On that score, this Persuasion fails. Instead of keeping her emotions under the surface, Johnson’s Anne lets everything out. She flops on her bed, drinks to forget, and shouts Wentworth’s name at him from an open window. She smirks at the camera when her sister Mary annoys her, instead of just enduring her company, like a dutiful — and single — older sister must. Other characters also lack subtlety. In the novel, Wentworth is a charming, accomplished man who has been around by the time he returns to Anne — and, we discover, has arranged to visit the Crofts specifically to meet her. In the film, Wentworth doesn’t say much, and his personality has been replaced with a dilemma about whether or not to retire from the navy in order to start a family. In general, the film bypasses Austen’s superlative grasp of subtext, and instead has characters explicitly explain their feelings, opinions, and schemes to each other.

Dakota Johnson as Anne Elliot with Henry Golding as Mr. Elliot in Persuasion.Nick Wall/Netflix © 2022

Okay, that sounds bad. But what about the plot?

Aside from mischaracterization and general tone problems, this filmed version of Persuasion makes one major change from the novel. As mentioned above, in the book, the Elliot family’s cousin William Elliot will inherit the family’s estate. The only way the house will stay in their family, therefore, is for him to marry one of the Elliot daughters. (Austen used a similar plot device in Pride and Prejudice, in which the Bennet sisters’ cousin, the unappealing Mr. Collins, will inherit their home.) Anne encounters William in Lyme Regis, where he flirts with her, implicitly suggesting that the two might marry. Although the idea is tempting to Anne, she still loves Wentworth, and finds something about William off-putting.

It turns out that Anne’s instinctive judgment of character is right: When she and her family move to Bath in the final portion of the novel, she reunites with a widowed school friend, Mrs. Smith. From her, she learns that William tricked the late Mr. Smith into debt, and as executor of his estate has been harsh and punitive. He has also been courting her sister Elizabeth’s companion, Mrs. Clay (a widow), to ensure that she does not marry their father, Mr. Elliot. Should that marriage take place, and Mrs. Clay have a son, William would lose his inheritance. At the end of the novel, Wentworth assists Mrs. Smith in rectifying William’s predatory behavior as her executor, and Mrs. Clay becomes William’s mistress.

The film dispenses with Mrs. Smith entirely, and by extension William’s more distasteful behavior. Instead, William (Henry Golding) is a sly figure who courts Anne and proposes to her while seeing Mrs. Clay (Lydia Rose Bewley) on the side. At the end of the film, William and Mrs. Clay are married. This series of changes makes very little sense. The film is, on the whole, uninterested in class, so its omission of Mrs. Smith is unsurprising, if disappointing. But William need not marry Mrs. Clay to keep her from marrying Mr. Elliot, as Austen’s novel shows. If he does choose to marry her, though, why bother courting Anne?

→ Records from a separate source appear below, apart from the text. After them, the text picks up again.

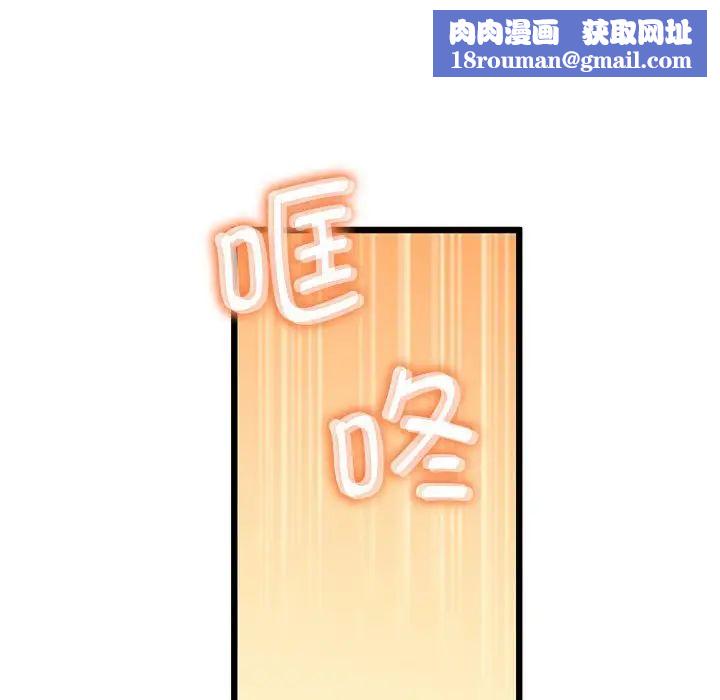 上门男家教第10话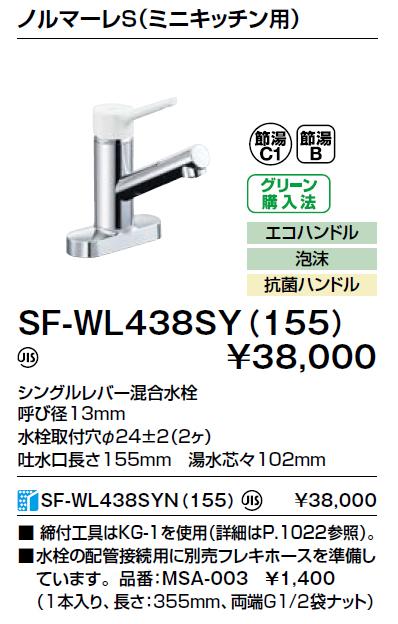 LIXIL(リクシル) ミニキッチン用 浄水対応なしタイプ シングルレバー混合水栓 『ノルマーレS』 SF-WL438SY(155) 商品画像2：生活家電 ディープライス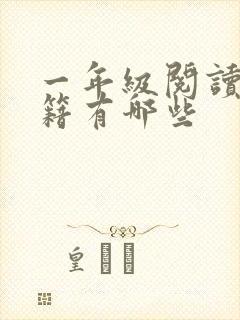 一年级阅读的书籍有哪些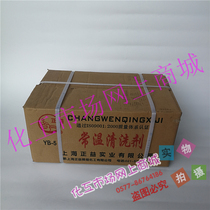 Zhengyi brand room temperature cleaning agent YB-5 metal cleaning agent Degreasing king English cleaning agent 30kg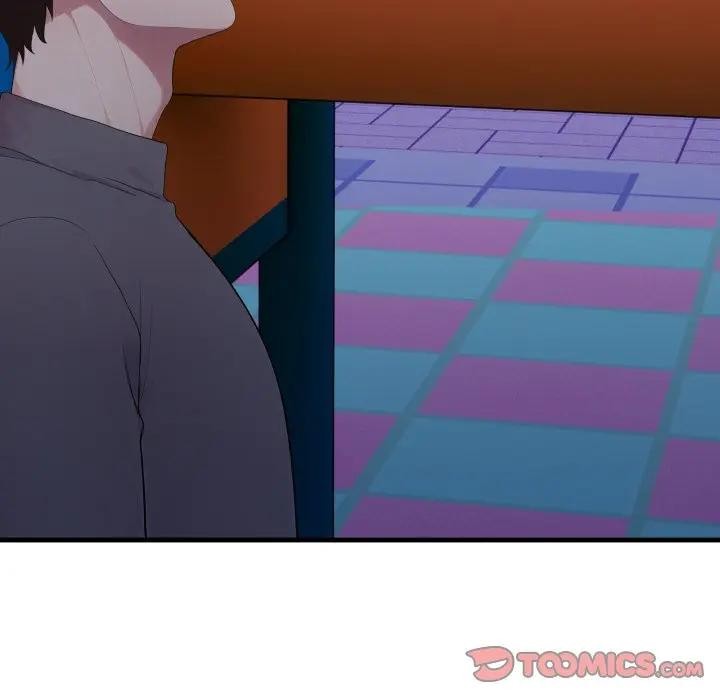 社區人妻的陷阱第14話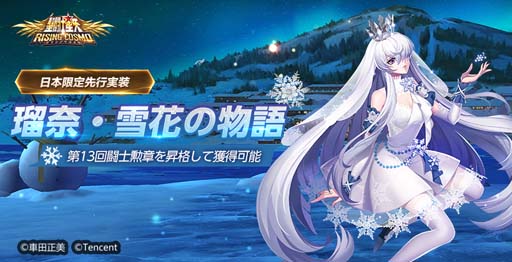 画像ギャラリー No.001のサムネイル画像 / 「聖闘士星矢 ライジングコスモ」,限定召喚“神聖衣・蠍座・ミロ”と“闘士の勲章 第13回”が開催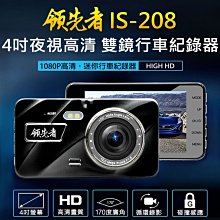 【促銷下殺】趨勢科技 PC-cillin 2023 雲端版 防毒軟體《二年一台標準盒裝》 歷史價格詳細信息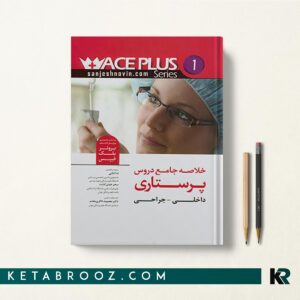 خلاصه جامع دروس پرستاری داخلی جراحی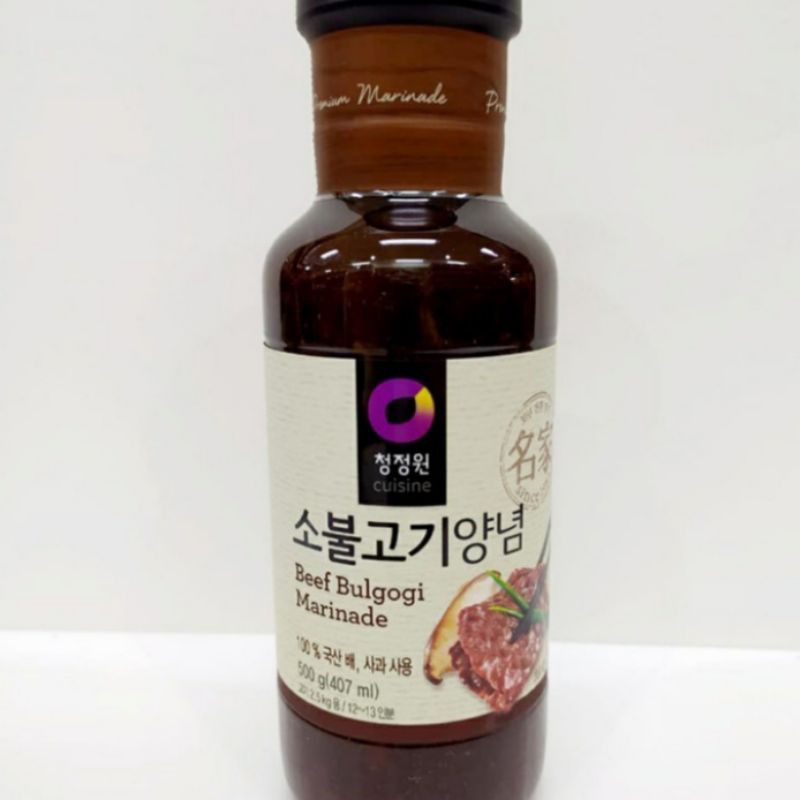 

Chung Jung One Beef Bulgogi Marinade 500gram*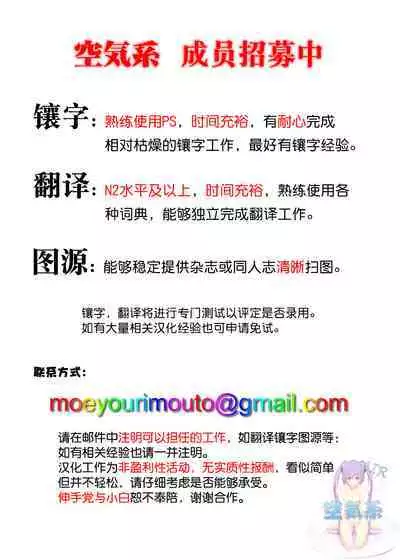 天使学園の学園長 メス豚涼華 作業過程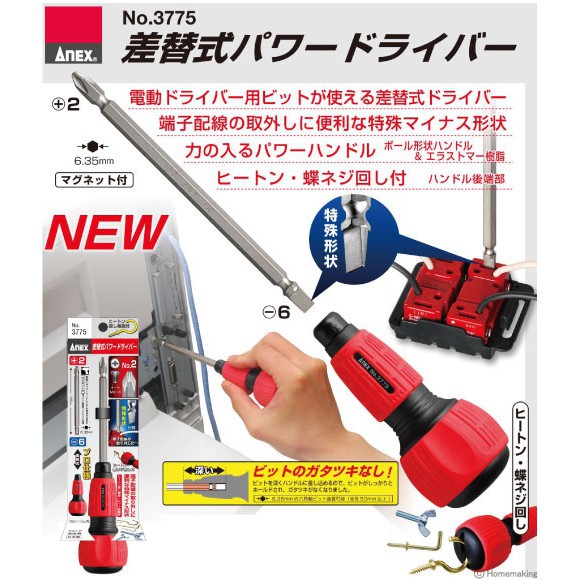 Chuôi tô vít cán tròn kèm mũi vít 2 đầu +2-6x135mm hãng Anex Nhật Bản No.3775-H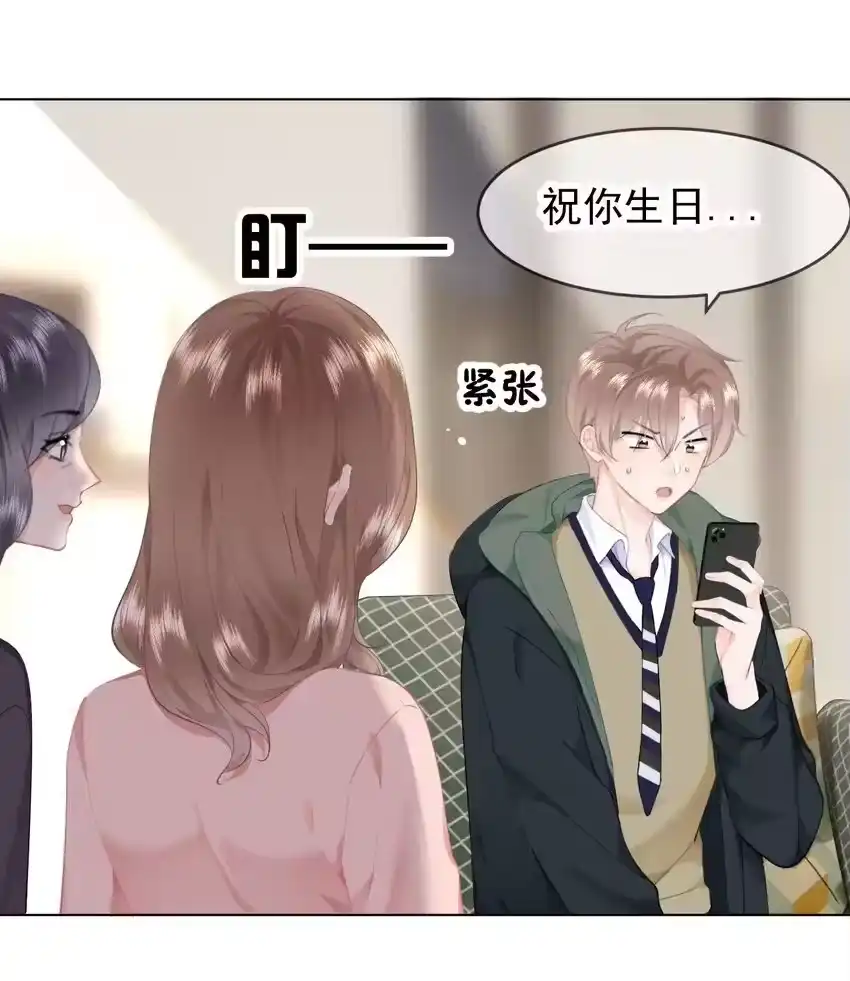 038宝贝-你和照片不一样_h-长佩文学 / 原著: 余酲 / 主笔: 阿太（第2张）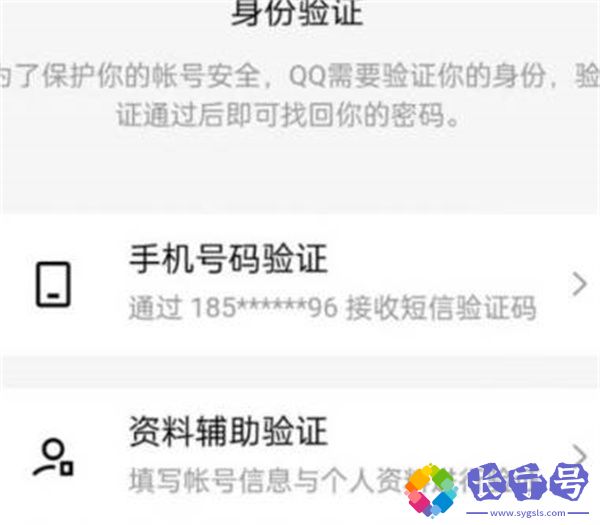 腾讯QQ被盗最快找回方法一览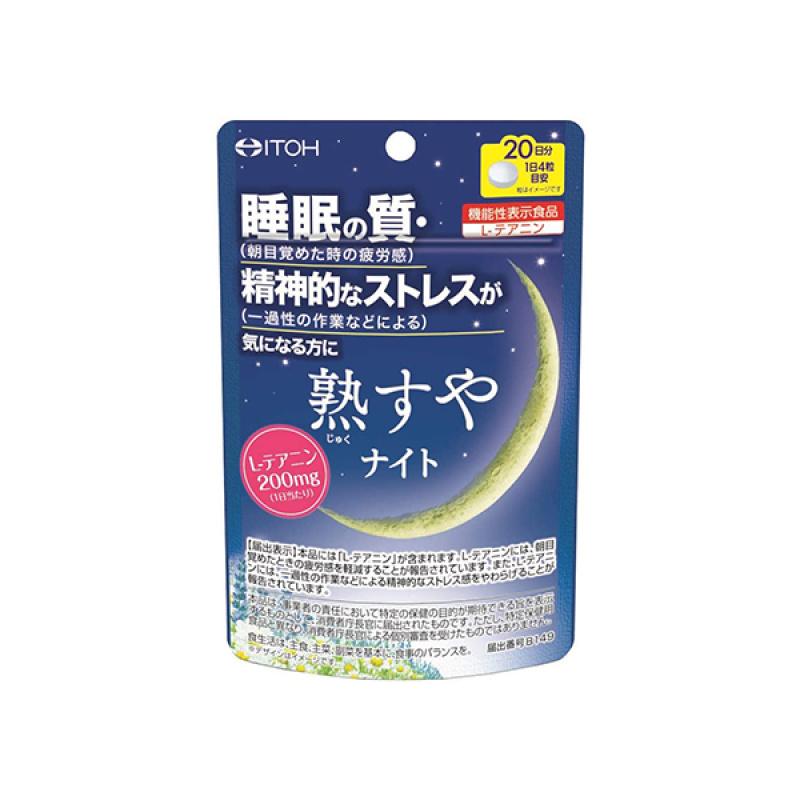 

80 tablets for 20 days of ripe or night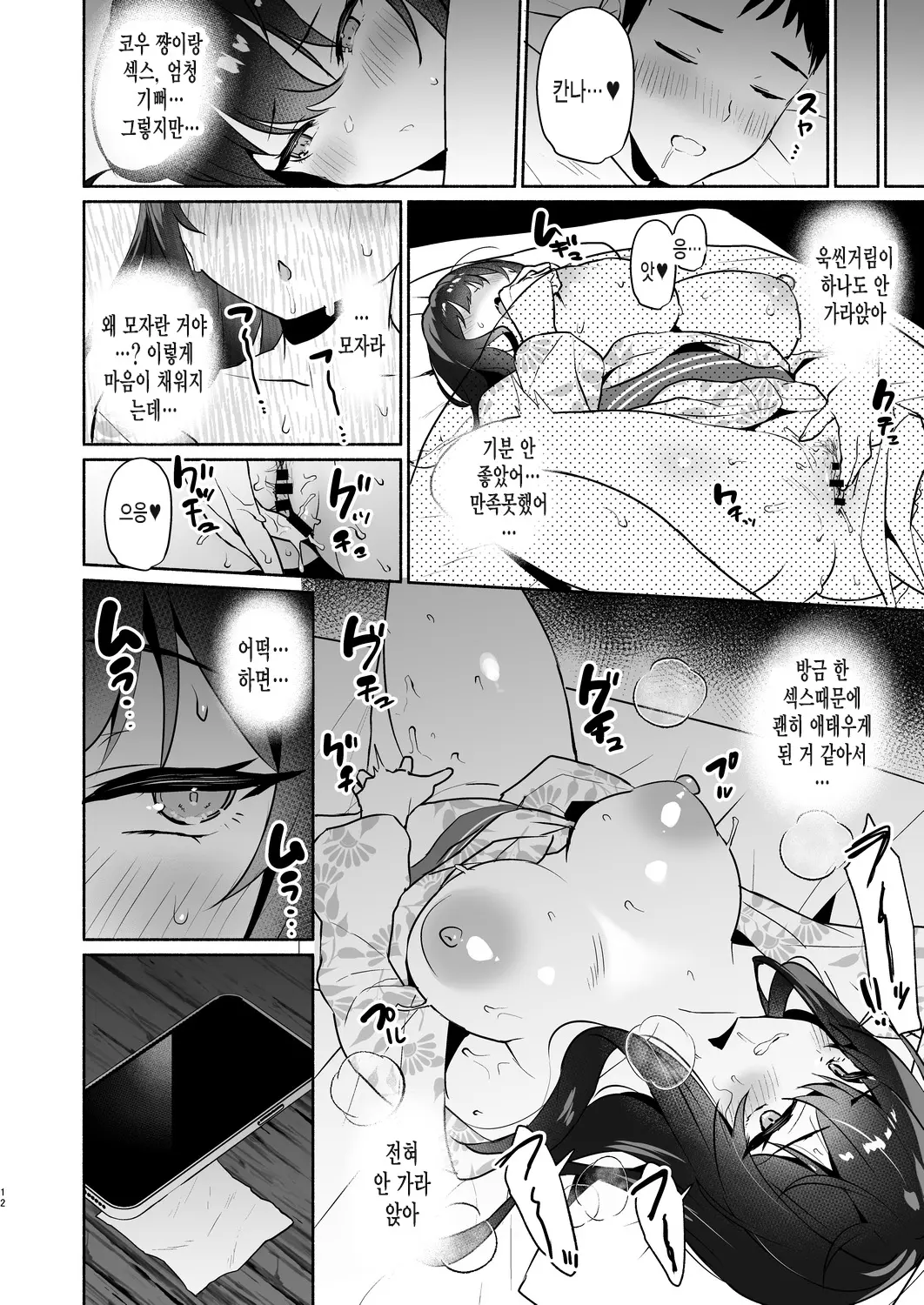 웹툰 이미지 11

These changes, in addition to being confusing, smooth over the most upsetting edges of Austen’s novel — a choice that is consistent with the film’s changes to the book’s melancholy tone. Though most today think of Austen as the first true romance novelist, her books were replete with satire and social commentary, some of which was depressing. Though Mrs. Smith’s situation is improved by the end of Persuasion, Austen still carefully depicts the circumstances of a widowed woman at the mercy of a heartless man who controls her finances; similarly, she does not shy away from the reality that a charming, wealthy man could persuade a woman from a lower social class to be his mistress.

This adaptation, however, erases all these uncomfortable complications, and instead presents a slick, meme-able version of the novel. Viewers may find the film entertaining, but it won’t stick with them long after the credits have run.